Bu konuda Clinton/Gore politikası en baştan Amerikan şirketlerince desteklenmişti. Hükümet seviyesinde ise telekomünikasyon, medya mülkiyeti ve dağıtımı kurallarından kısıtlayıcı şartları kaldırmaya büyük ölçüde dikkat çekilmişti. İlk günlerden beri, Amerikan idaresi, endüstrinin bilgi enfrastrüktürüne ödeme yapması gerektiğini ve hükümetin bu konuda iyileştirici rol oynaması gerektiğini vurgulamıştır. Yüksek seviyede hükümet desteği, Bilgi Altyapısı Çalışma Grubunu oluşturmaya yol açmış ve Amerikan danışma konseyi Ulusal Bilgi Altyapısı, 1993’te Başkan emriyle Amerikan Başkanı’nın Ulusal Bilgi Altyapı İnisiyatifi’nin önerilerini gözden geçirmek için kurulmuştur. Resmi yapılar halk otoriteleri ve özel sektör arasındaki diyalogu koordine etmek için hazırlık yapmaktadırlar. ABD eski başkanı Bill Clinton, bir yazısında ülkesindeki ekonomide yaşanan gelişmenin ve büyümenin yaklaşık üçte birinin bilgi teknolojilerinden kaynaklandığını dile getirmiştir.201 Eski Başkan Yardımcısı Al Gore’de “enformasyon otobanı” perspektifiyle konuya farklı boyut eklemiştir. “Enformasyon otobanı” kavramı, 2 milyar Dolarlık ‘Ulusal Enformasyon Altyapı Programı’nın bir ürünüdür. Program, ABD endüstrisini çok hızlı bilgisayar ve şebekeler aracılıyla yeniden biçimlendiren araçlarla donatmayı öngörmüştür. Amacı “ülkenin Japonlara birdirbir oynatmasını sağlamak’tı.202

Endüstri seviyesinde Amerika’nın ana bilgisayar şirketlerinin belirli idari personeli zaten 1989’da Bilgisayar Sistemleri projesini oluşturmuş ve bu yüzden hükümeti plana dâhil etmek suretiyle iyi biçimde konuşlandırılmıştır. Bu liderler, Ulusal Bilgi Altyapısının onlar için yaratacağı sadece ulusal değil, aynı zamanda küresel de olan eşsiz muazzam iş fırsatlarını kolayca fark etmişlerdir. İstek üzerine video gibi belli başlı yüksek düzeydeki tüketici uygulamaları, bu yeni geniş bantlı enfrastrüktüre devredilen servislere büyük bir pazar sağlayabilir. Endüstri bazında bilişim teknoloji istihdamına baktığımızda; özellikle 1990–1998203 yılları arasında bilişim istihdamına en büyük katkıyı bilişim teknolojileri üretim endüstrisi vermiştir. En hızlı artışı ise yazılım ve bilgisayar hizmetleri endüstrisi göstermiştir.
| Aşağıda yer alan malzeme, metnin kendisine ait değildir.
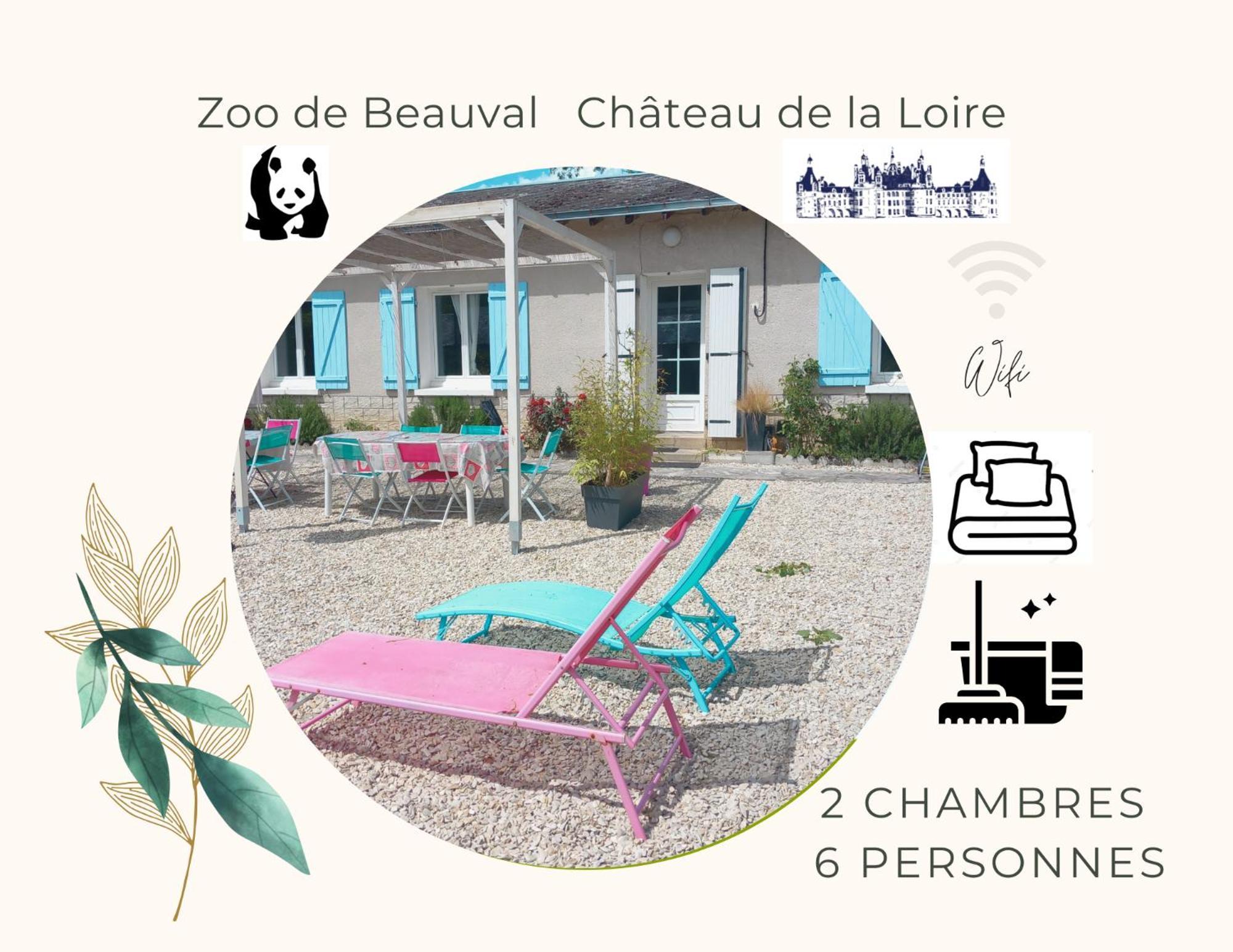 Holiday home Du Canal De Berry Ii Selles-sur-Cher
201Hakan Barut, a.g.e, s.31.

202 Heather Menzıes, Siber Uzayda Kapitalizme Karşı Mücadele, Enformasyon Otobanı, Post-endüstriyel

Ekonomi ve Halk (Robert W. McChesney, Ellen Meiksins Wood, John Bellamy Foster, a.g.e.), s.108.

Ulusal Bilgi Altyapısı, test ortamından kısmi fon ile desteklenerek yüksek hızdaki bilgi altyapısına giriş için ticari imalar test etmektedir. Bu tip alanlarda, anında üretim ve dağıtım, elektronik yayın, uzaktan ortak çalışma ve ulusal veya küresel temelde iş bağlantıları kur’a gibi pilot uygulamalar yer almaktadır.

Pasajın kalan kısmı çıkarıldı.